The biggest boost to Bitcoin’s credibility came, however, from an unlikely source: the Federal Reserve Bank of Chicago. It just published its “Bitcoin Primer,” in which senior economist Francois Velde explained that money is a medium of exchange: “something that is accepted in exchange for a valuable good or service, not for itself but to be exchanged later for another good or service.” He added:
[The] Bitcoin … aims to be itself a currency [through] a computer file….
Fiduciary currencies [like the Bitcoin] have no intrinsic value, and derive their value … from the belief that they may be accepted by someone else. [Such] a currency … has value only because of the belief that it will have value….
The Bitcoin network is an automaton, issuing currency at a predictable rate….
That said, it represents a remarkable conceptual and technical achievement, which may well be used by existing financial institutions … or even by governments themselves.
Because the Bitcoin program limits the growth of the currency to a predictable rate and will eventually stop when the total currency in circulation reaches 21 million coins, it is gaining traction as an alternative to other currencies that have no such limitations. In the last five years, the European Central Bank (ECB) has doubled its balance sheet, while the Federal Reserve has tripled its balance sheet, and the Bank of England has quadrupled its monetary base, all of which is making Liam Halligan extremely nervous. Writing for the Telegraph, Halligan says that the Bitcoin, in contrast, “insulated from a global banking system that many see as irresponsible, is also an incredibly sophisticated response to the ongoing problem of deliberate currency debasement by governments.”
Aside from being free of central banking manipulation, the Bitcoin is evolving into a currency that offers secrecy, anonymity, and increasing credibility. It also avoids being smeared as a throwback to the old-fashioned idea that gold has no relevance in modern economies. Without understanding the role of gold, Warren Buffett noted,
Gold gets dug out of the ground in Africa, or someplace. Then we melt it down, dig another hole, bury it again and pay people to stand around guarding it. It has no utility. Anyone watching from Mars would be scratching their head.

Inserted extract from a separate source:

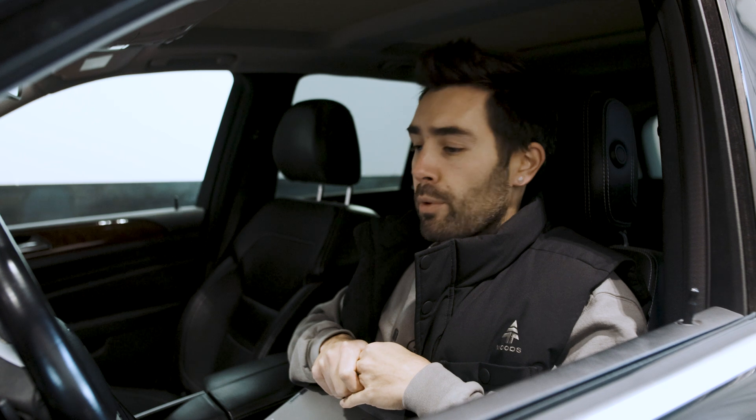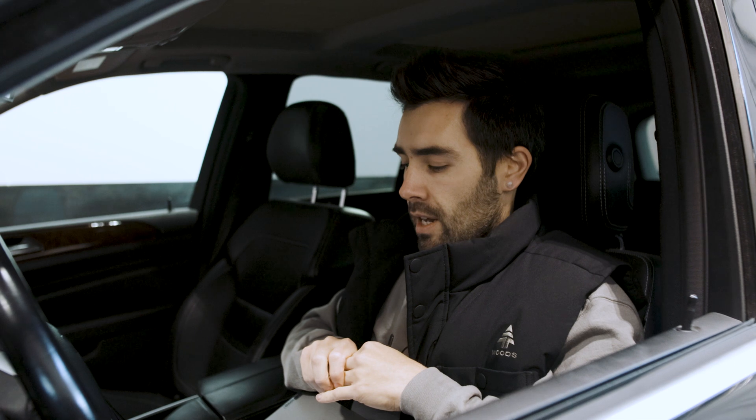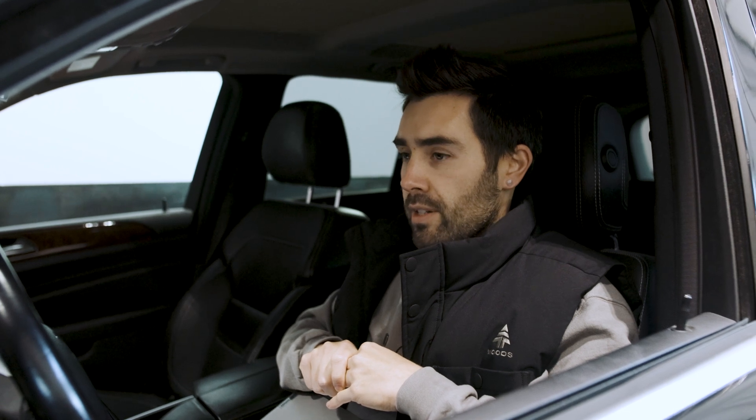In the process of having these two cars here at once, we've really been able to dial in the tunes and focus on the nuances of everything. The other one is pretty much wrapped up with a few things left to test, and this one is very close to being finished.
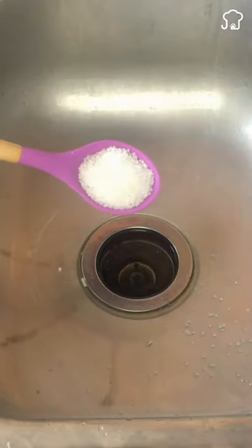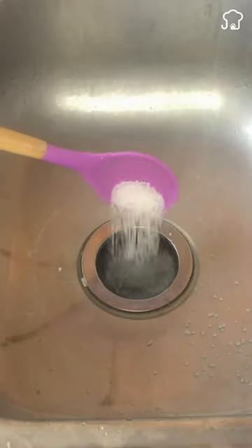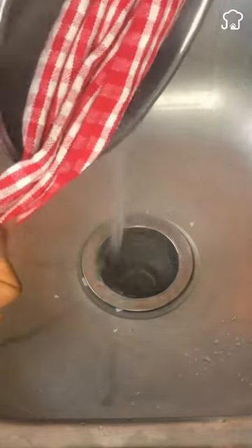pour it into the hole in the sink and let it act for about 5 minutes. Then take the boiled water and pour it down the drain. You will notice that it will be uncovered and it will work like new.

Buffett, of course, misses the point entirely. The beauty of the gold standard is precisely because it is limited in supply and currencies tied to it cannot be expanded at will or by Keynesian “necessity.” The Bitcoin is increasingly being seen as credible for exactly the same reason: It is out of reach of central bankers and instead is limited in supply and cannot be manipulated.
As Robert Tracinski, author of the individualist Tracinski Letter, put it:
By creating something that has the basic characteristics of fiat currency, but which cannot be debased on whim, [the Bitcoin] tests the value of having a currency of limited quantity.
Or, to put things differently: it tests the destructiveness of having an unlimited quantity of money, as in the prevailing central banking system.
The extent to which investors and purchasers flee into the limited fiat money of Bitcoin is the extent to which they are fleeing out of the unlimited fiat money which our central bankers are vigorously debasing.
That is why the rise of the Bitcoin is so terrifying. The rise of the Bitcoin is a measure of the collapse of money.